TBB_NUM_THREADS to control number of threads in TBB

rpsmic001
Beginner
9,615 Views
Does Threaded Buliding Blocks provide an environment variable to control the number of threads spawned? I presume a sensible name for such an environment variable woud be TBB_NUM_THREADS, similar to OMP_NUM_THREADS, and have not seen any reference to this in the documentation. I know that in general it is best to let TBB set the number of threads, and that they can be set explicitly by an early call to task_scheduler_init, but I think that providing an optional environment variable that sets the number of threads if present would be useful to many users.

As an example, a software library that I use has chosen to use threaded building blocks behind the scenes. This has worked well overall, but is leading to some problems on large SMP machines. On these machines users request a small number of CPUS from the scheduler but unless the number of threads is actively controlled TBB tries to initialize N_CPUS + 1 threads which in one case is 156 threads. The resulting program is inefficient and ignores the resorces allocated by the scheduler.

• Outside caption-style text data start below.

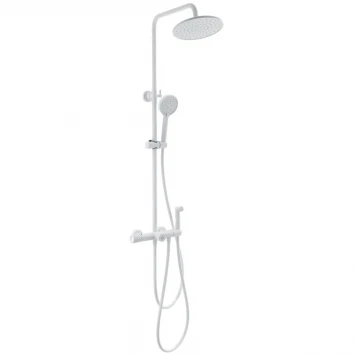 Душевая система Wonzon &amp; Woghand WW-B3097-A-MW 230 мм, с термостатом, белый матовый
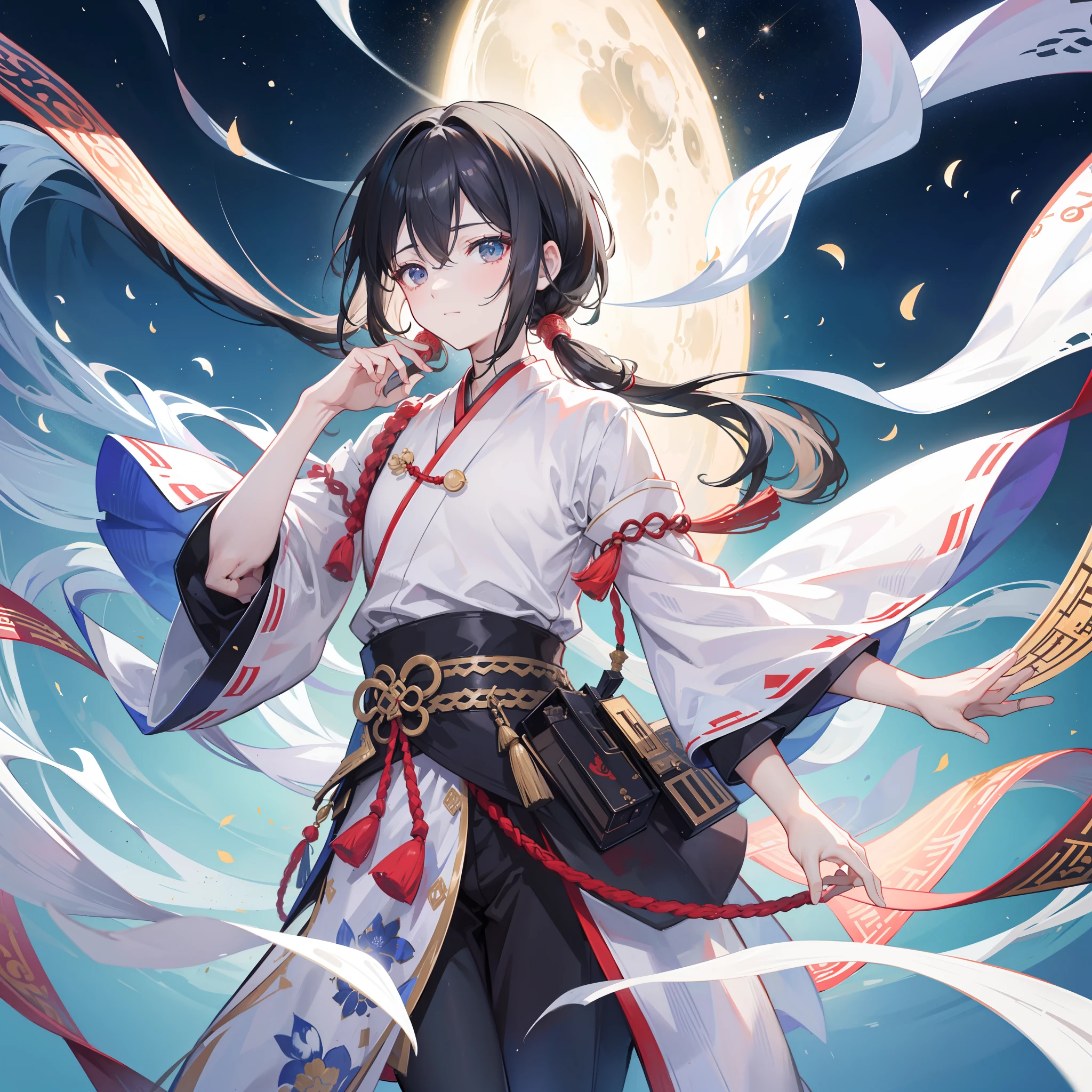 Hanfu,Libido boy,Young Taoist,with short black hair,(RAW photos,best qualtiy),(realisticlying,photograph realistic:1.3),best qualtiy,highly detailed,tmasterpiece,Hyper-detailing,illustratio,1boys,full bodyesbian,Standing motion,dynamic angle,Masterpiece Theatre of the World,Messy_Long_Hair,best qualtiy,extremely detailed CG unity 8k wal,ink,astounding,cinmatic lighting,lens_flare,,dunhuang_Style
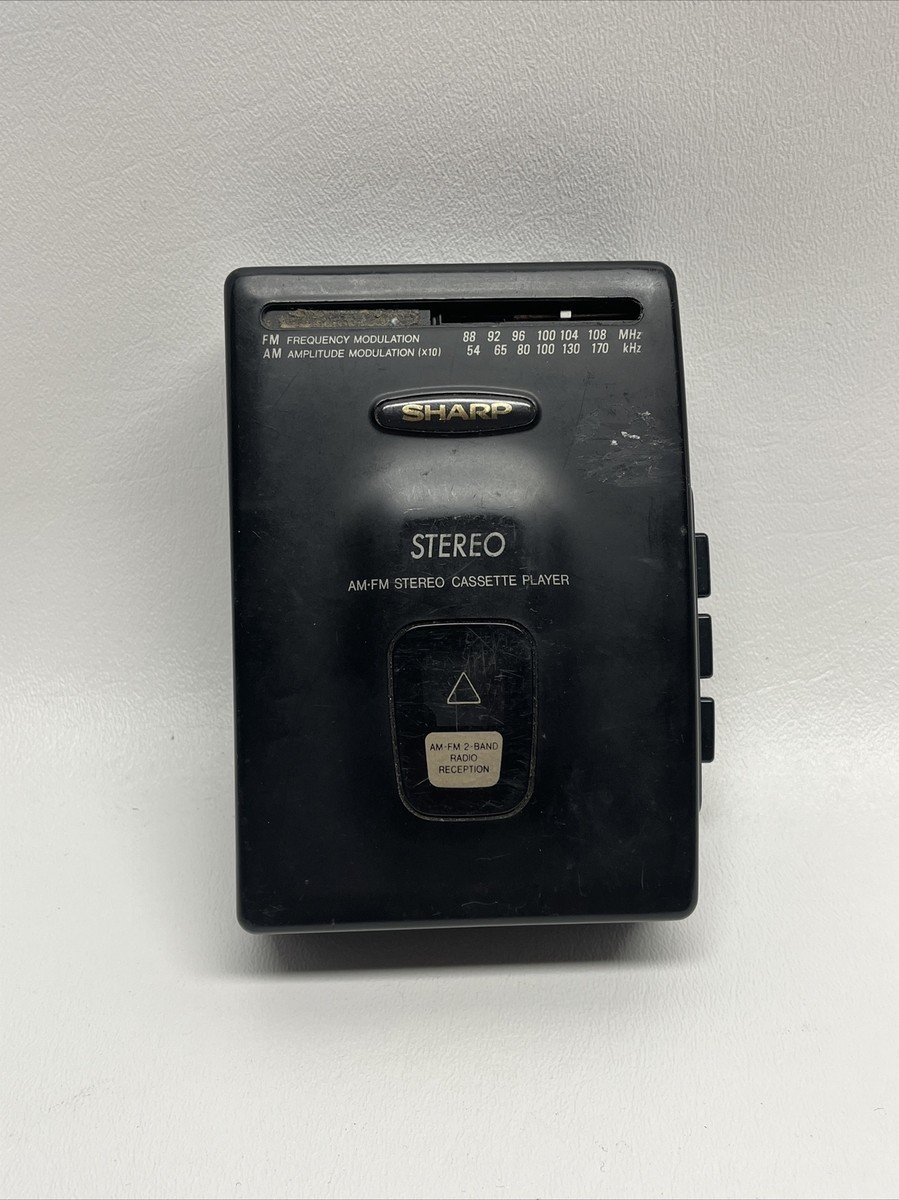 Vintage Sharp JC-190 Portable Stereo Cassette/ AM FM Radio Player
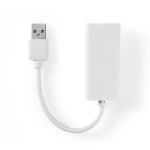 Nedis USB-nettverkskort | USB 2.0 | 100 Mbps | USB-A Han | RJ45 Hun | 0.20 m | Rund | Gull belagt / Nikkel belagt | Bare kobber | Hvit | Boks Nedis USB-nettverkskort | USB 2.0 | 100 Mbps | USB-A Han | RJ45 Hun | 0.20 m | Rund | Gull belagt / Nikkel belagt | Bare kobber | Hvit | Boks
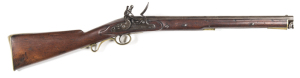 BRITISH V.RARE & HISTORICAL 1833 MANTON PATTERN FLINTLOCK CARBINE: 16 bore; 20" barrel; f. bore; plain sighted barrel, tang & captive rod; London proofs to the breech; plain lock with stepped heel; bolted safety & engraved WR, ROYAL CYPHER, TOWER & dated 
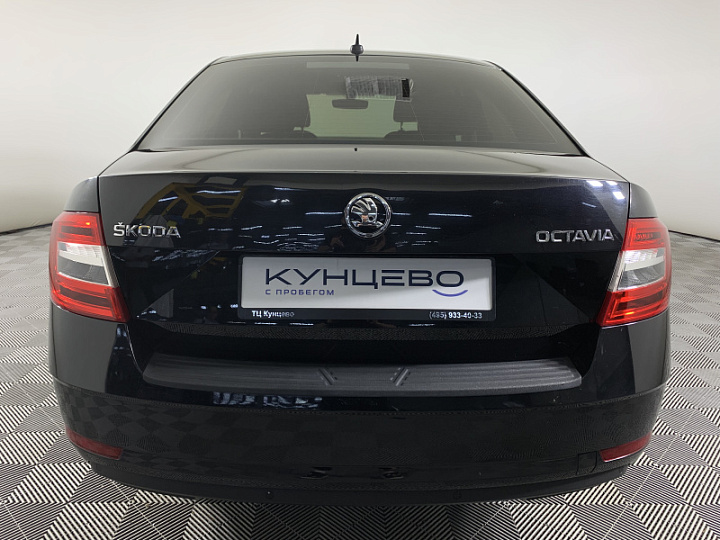 Skoda Octavia 1.6, 2018 года, Автоматическая, Черный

If TBB_NUM_THREADS is not available in the TBB itself, I have to implement similar functionality in code that I want to run on an SMP machine. A Google search on TBB_NUM_THREADS suggests that this is an approach others have taken already. Are there plans to provide an environment variable like this in future releases?
0 Kudos
1 Solution
ARCH_R_Intel
Employee
9,615 Views
The lack of an environment variable for controllilng the number of threads is a deliberate design decision in TBB. Experience with OpenMP indicated that some customers did not want users to be able to fiddle with their programs. Instead, we provided a programmatic interface via task_scheduler_init. I believe that .NET went down a similar philosophical path in providing programmatic interfaces for controlling the virtual machine instead of environment variables.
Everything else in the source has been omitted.